● **Assignment**
When you reach the entries, transcribe each one exactly.
Data extract START
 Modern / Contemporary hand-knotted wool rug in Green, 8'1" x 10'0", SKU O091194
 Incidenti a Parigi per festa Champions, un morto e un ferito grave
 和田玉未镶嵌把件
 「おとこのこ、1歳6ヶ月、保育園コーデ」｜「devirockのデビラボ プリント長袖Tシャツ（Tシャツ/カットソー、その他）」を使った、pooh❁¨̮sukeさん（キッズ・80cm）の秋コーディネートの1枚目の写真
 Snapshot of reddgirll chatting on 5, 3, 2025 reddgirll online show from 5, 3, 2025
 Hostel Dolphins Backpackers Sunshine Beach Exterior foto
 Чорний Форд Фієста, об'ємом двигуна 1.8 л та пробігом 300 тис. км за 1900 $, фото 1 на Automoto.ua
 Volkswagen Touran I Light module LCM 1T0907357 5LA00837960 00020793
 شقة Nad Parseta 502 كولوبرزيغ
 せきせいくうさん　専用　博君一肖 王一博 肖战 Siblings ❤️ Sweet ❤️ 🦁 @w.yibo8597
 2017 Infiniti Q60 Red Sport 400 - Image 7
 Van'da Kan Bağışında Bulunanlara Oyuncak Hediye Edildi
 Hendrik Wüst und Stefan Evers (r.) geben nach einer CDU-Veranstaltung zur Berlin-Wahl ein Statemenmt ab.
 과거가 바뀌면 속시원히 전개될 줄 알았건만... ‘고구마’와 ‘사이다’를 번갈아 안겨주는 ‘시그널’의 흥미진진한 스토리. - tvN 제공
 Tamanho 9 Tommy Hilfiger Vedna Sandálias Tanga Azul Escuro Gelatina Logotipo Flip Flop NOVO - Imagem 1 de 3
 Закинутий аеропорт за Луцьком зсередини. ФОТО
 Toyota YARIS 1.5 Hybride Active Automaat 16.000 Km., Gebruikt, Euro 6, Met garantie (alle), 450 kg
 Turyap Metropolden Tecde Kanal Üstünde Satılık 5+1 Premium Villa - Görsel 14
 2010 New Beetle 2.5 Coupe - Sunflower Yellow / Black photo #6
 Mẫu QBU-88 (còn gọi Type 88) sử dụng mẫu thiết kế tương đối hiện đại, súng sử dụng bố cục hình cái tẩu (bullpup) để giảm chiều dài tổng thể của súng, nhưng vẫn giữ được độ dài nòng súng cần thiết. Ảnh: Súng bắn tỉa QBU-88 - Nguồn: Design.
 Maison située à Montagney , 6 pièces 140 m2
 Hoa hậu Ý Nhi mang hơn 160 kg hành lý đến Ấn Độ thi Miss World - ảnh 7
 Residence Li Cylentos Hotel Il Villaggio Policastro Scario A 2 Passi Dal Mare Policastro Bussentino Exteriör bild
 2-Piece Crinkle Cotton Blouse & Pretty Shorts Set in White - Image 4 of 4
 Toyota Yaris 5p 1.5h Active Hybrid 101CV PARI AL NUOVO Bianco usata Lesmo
Data extract END
● **Task answer**
 Modern / Contemporary hand-knotted wool rug in Green, 8'1" x 10'0", SKU O091194
 Incidenti a Parigi per festa Champions, un morto e un ferito grave
 和田玉未镶嵌把件
 「おとこのこ、1歳6ヶ月、保育園コーデ」｜「devirockのデビラボ プリント長袖Tシャツ（Tシャツ/カットソー、その他）」を使った、pooh❁¨̮sukeさん（キッズ・80cm）の秋コーディネートの1枚目の写真
 Snapshot of reddgirll chatting on 5, 3, 2025 reddgirll online show from 5, 3, 2025
 Hostel Dolphins Backpackers Sunshine Beach Exterior foto
 Чорний Форд Фієста, об'ємом двигуна 1.8 л та пробігом 300 тис. км за 1900 $, фото 1 на Automoto.ua
 Volkswagen Touran I Light module LCM 1T0907357 5LA00837960 00020793
 شقة Nad Parseta 502 كولوبرزيغ
 せきせいくうさん　専用　博君一肖 王一博 肖战 Siblings ❤️ Sweet ❤️ 🦁 @w.yibo8597
 2017 Infiniti Q60 Red Sport 400 - Image 7
 Van'da Kan Bağışında Bulunanlara Oyuncak Hediye Edildi
 Hendrik Wüst und Stefan Evers (r.) geben nach einer CDU-Veranstaltung zur Berlin-Wahl ein Statemenmt ab.
 과거가 바뀌면 속시원히 전개될 줄 알았건만... ‘고구마’와 ‘사이다’를 번갈아 안겨주는 ‘시그널’의 흥미진진한 스토리. - tvN 제공
 Tamanho 9 Tommy Hilfiger Vedna Sandálias Tanga Azul Escuro Gelatina Logotipo Flip Flop NOVO - Imagem 1 de 3
 Закинутий аеропорт за Луцьком зсередини. ФОТО
 Toyota YARIS 1.5 Hybride Active Automaat 16.000 Km., Gebruikt, Euro 6, Met garantie (alle), 450 kg
 Turyap Metropolden Tecde Kanal Üstünde Satılık 5+1 Premium Villa - Görsel 14
 2010 New Beetle 2.5 Coupe - Sunflower Yellow / Black photo #6
 Mẫu QBU-88 (còn gọi Type 88) sử dụng mẫu thiết kế tương đối hiện đại, súng sử dụng bố cục hình cái tẩu (bullpup) để giảm chiều dài tổng thể của súng, nhưng vẫn giữ được độ dài nòng súng cần thiết. Ảnh: Súng bắn tỉa QBU-88 - Nguồn: Design.
 Maison située à Montagney , 6 pièces 140 m2
 Hoa hậu Ý Nhi mang hơn 160 kg hành lý đến Ấn Độ thi Miss World - ảnh 7
 Residence Li Cylentos Hotel Il Villaggio Policastro Scario A 2 Passi Dal Mare Policastro Bussentino Exteriör bild
 2-Piece Crinkle Cotton Blouse & Pretty Shorts Set in White - Image 4 of 4
 Toyota Yaris 5p 1.5h Active Hybrid 101CV PARI AL NUOVO Bianco usata Lesmo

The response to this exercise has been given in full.